And it is not politicians alone who are involved in peddling official counterknowledge: the inquiry’s findings added a second layer of distortion. According to the Daily Telegraph[1], an insider reported that Blair had Butler alter the report before publication - removing the central finding that the Prime Minister had personally supervised the misleading impression left by the dossier.

Furthermore, these events confirm (if we needed confirmation) that Thompson is wrong to claim that important lies by politicians are punished mercilessly. According to the Telegraph source, Butler prepared an evasive response to expected (but in the event unforthcoming!) press questioning as to whether Blair should resign. The need for evasion shows that Butler found - rightly - that Blair’s position was untenable.

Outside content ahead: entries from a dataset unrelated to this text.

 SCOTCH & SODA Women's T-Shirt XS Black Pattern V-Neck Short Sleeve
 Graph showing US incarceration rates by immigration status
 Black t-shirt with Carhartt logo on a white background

The source described Butler's approach, mirroring Thompson’s claim that politicians are not elected to ‘educate’ us: “it was not his job to bring the government down”[2].

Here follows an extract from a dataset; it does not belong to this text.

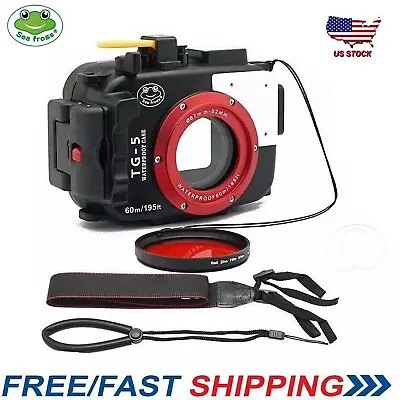 SeaFrogs Waterproof Underwater Camera Case For Olympus TG5 With 67mm Red Filter • $163.64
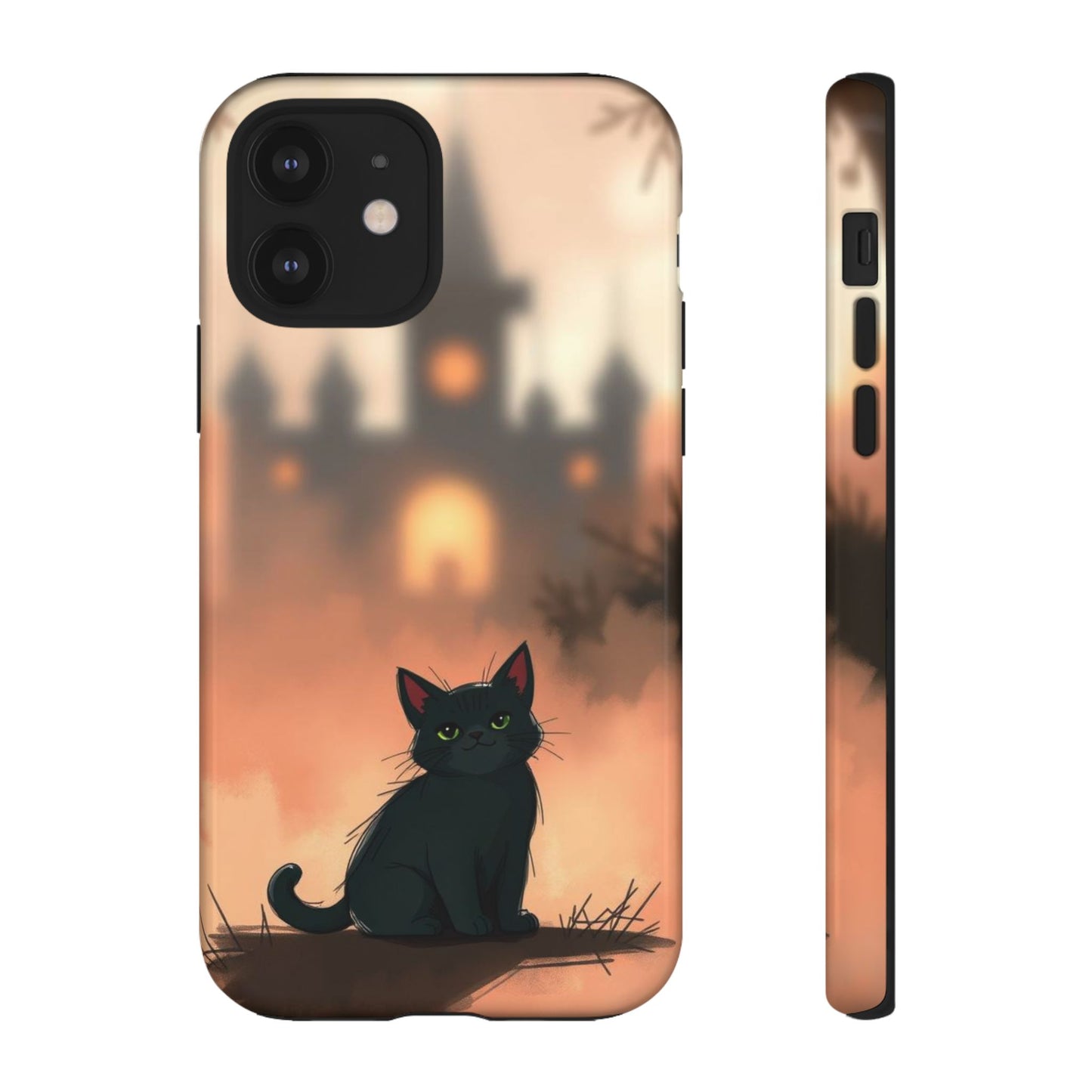 iPhone 12 / Glossy Phone Case - Cute Gothic Cat Design Phone Case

Only in the most literal sense was that true. The inquiry’s terms of reference did not require Butler to recommend resignations. But any such inquiry must surely explicitly identify persons who have behaved culpably (e.g. ordering the fabrication of intelligence) and whose position is therefore untenable. If the facts were such that reporting them would bring the government down, then so be it. If bringing about some outcome isn't part of one’s job that doesn't mean that anything - like reporting the facts - that would lead to that outcome is also not part of one’s job. It is not a policeman’s job to ruin anyone’s reputation, nor a chef’s job to make anyone fat, even though they are required to do things which are likely to have just those effects.

Butler seemed to acknowledge this implicit part of his remit when he recommended that the pliant John Scarlet, nominal producer of the dossier, should stay in post. Having taken on the task of addressing issues of culpability he should have done so impartially and completely. In the same way, by providing an unsolicited dossier representing facts about current events - which is to say contemporary history - the government purported to educate the public, and having taken on that task, also took on the duty of performing it properly.

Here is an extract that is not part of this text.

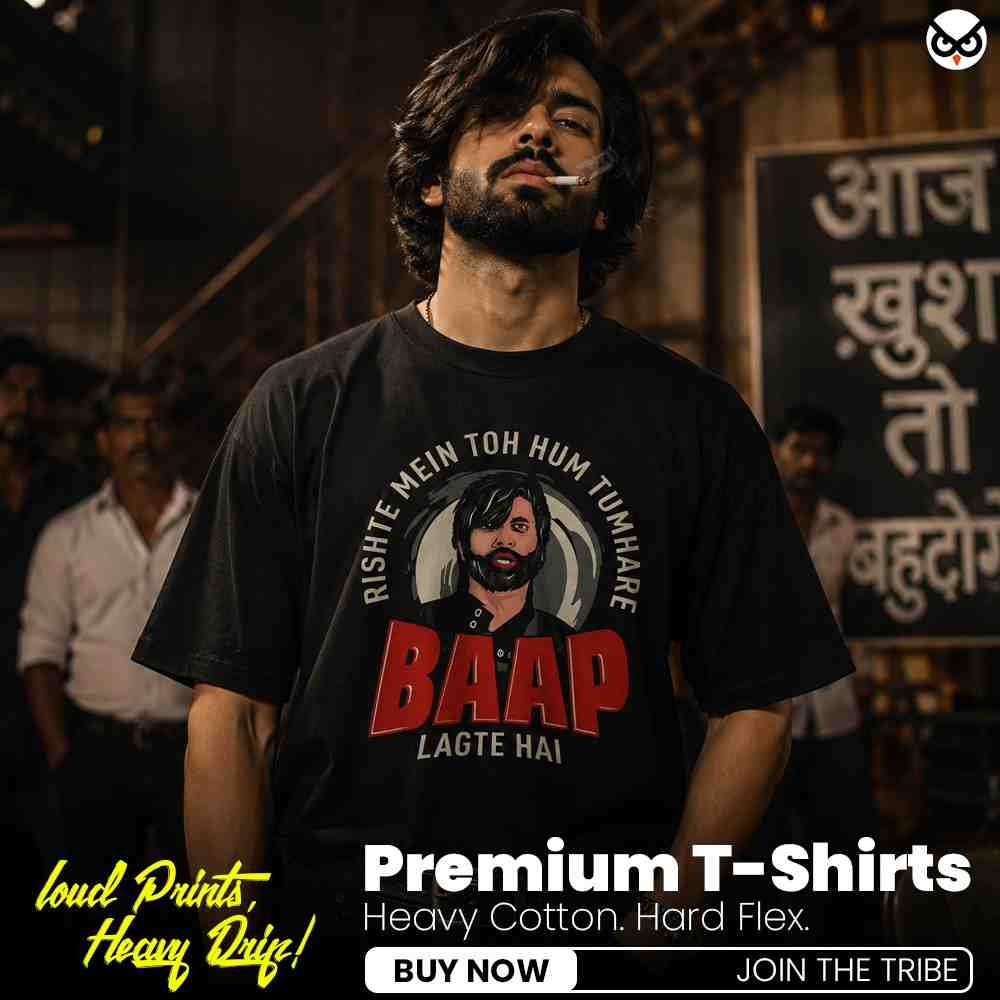 Ultimate Boss - Rishte Mei Toh Hum Tumhare Baap Lagte Hai Oversized Black Front Print T-Shirt | OoltaSeedhaooltaseedha.com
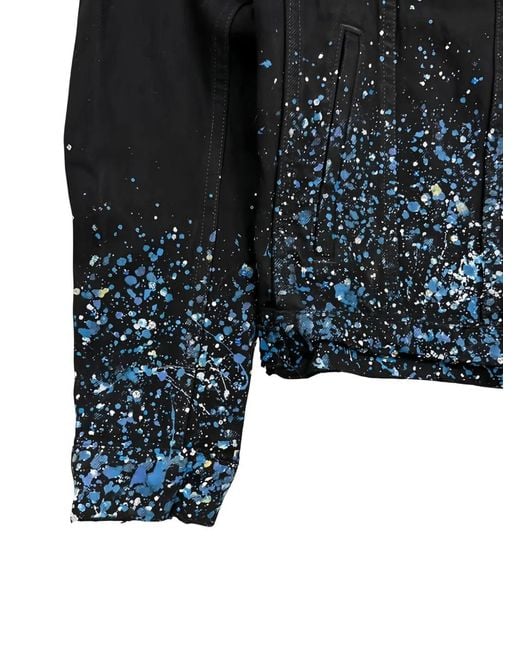Amiri Black Crystal Painter Trucker Jacket for men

If a politician or an official disseminates misinformation, he is at least as guilty of peddling counterknowledge as any of Thompson's targets. To get history wrong is one thing: to routinely distort the official documentary sources on which the public - and future historians - rely is positively Orwellian. But we should go further than this: government and politicians in general do have a positive duty to ‘educate us’, or - to resist Thompson’s tactic of weakening the case by overstating it - to keep us informed. How else are we supposed to make decisions at the ballot box?


II.2 Big Pharma


Another area which Thompson skirts around - the pharmaceutical industry - is surely guilty of disseminating counterknowledge. Big Pharma displays all the characteristics of the more obvious charlatans to whom Thompson is content to restrict his attention. Drug trials are designed and conducted by or on behalf of the drug companies themselves, who stand to make huge profits from selling newly patented drugs. This conflict of interest leads, predictably, to biased and downright fraudulent studies. Test results that show drugs to be harmful or ineffective are routinely suppressed, while researchers are paid to submit favourable articles - often ghost-written by the drug company - to professional journals. For these reasons, the methods by which the safety and efficacy of new drugs are often tested can without exaggeration be described as pseudo-science - counterknowledge on an industrial scale[3].

But Thompson’s  comments on the matter are restricted to noting that

Pharmaceutical companies invest millions of pounds in drugs that have only marginal effect on our health; according to GlaxoSmithKline, 90 per cent of drugs work in only 30 to 50 per cent of patients. (p75)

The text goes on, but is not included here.